# PID keeps overshooting?



## cavem01 (Oct 3, 2015)

Hi guys my PID keeps overshooting..... any ideas why??


----------



## DaveP (Jul 14, 2017)

Possibly .... the 'heat sensor' is slow to respond to temperature changes, either due to poor physical contact with the boiler or it has a poor electrical response.

So that's what I'd check first.

Then 2nd maybe its forgotten its training / tuning ... but a tiny bit of overshoot maybe inevitable


----------



## timmyjj21 (May 10, 2015)

My Gaggia PID always overshoots on initial heat up. I assume it's down to training, but don't really care since it stabilises well once warm.


----------



## mcrmfc (Sep 17, 2016)

Check that the thermocouple or pt100 sensor hasn't moved or come out of place. If it has or if any other aspect of your machine could have changed its thermodynamic properties e.g. new dispersion plate then check everything is located securely and re run the auto tune.

Overshooting is fine in the early heating up stage but the autotune learns about the heating cycle and can set the algorithm params appropriately to minimise that swing.


----------



## ZappyAd (Jul 19, 2017)

I'm interested to find out more about the algorithm that makes a PID work. Is there a good resource or thread for finding out more about it?


----------



## mcrmfc (Sep 17, 2016)

ZappyAd said:


> I'm interested to find out more about the algorithm that makes a PID work. Is there a good resource or thread for finding out more about it?

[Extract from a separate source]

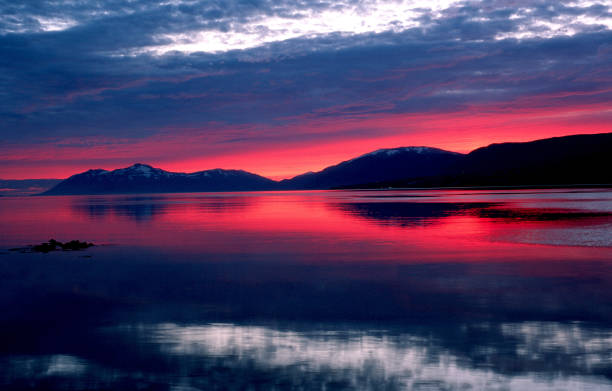Sunset in Eyjafjordur in North Iceland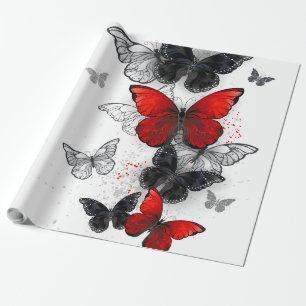 Flying Black and Red Morpho Butterflies Wrapping Paper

https://en.m.wikipedia.org/wiki/PID_controller


----------



## cavem01 (Oct 3, 2015)

mcrmfc said:


> Check that the thermocouple or pt100 sensor hasn't moved or come out of place. If it has or if any other aspect of your machine could have changed its thermodynamic properties e.g. new dispersion plate then check everything is located securely and re run the auto tune.
> 
> Overshooting is fine in the early heating up stage but the autotune learns about the heating cycle and can set the algorithm params appropriately to minimise that swing.


Thanks for that. I've never ran the auto tune was always told not to! To do this do I get it up to temperature and run the auto tune? Aka let the machine warm up?

Mike


----------



## martinierius (Sep 28, 2014)

cavem01 said:


> Thanks for that. I've never ran the auto tune was always told not to! To do this do I get it up to temperature and run the auto tune? Aka let the machine warm up?
> 
> Mike


Indeed, also: some people advise to run the autotune with the desired temperature a few degrees lower to avoid overshooting to boiling temperature.

When boiling you get steam in your boiler which then affects the autotune parameters.

After tuning you set the desired temperature again to original setting.

Before 'autotuning' it's best tot purge the steam that might be in the boiler.


----------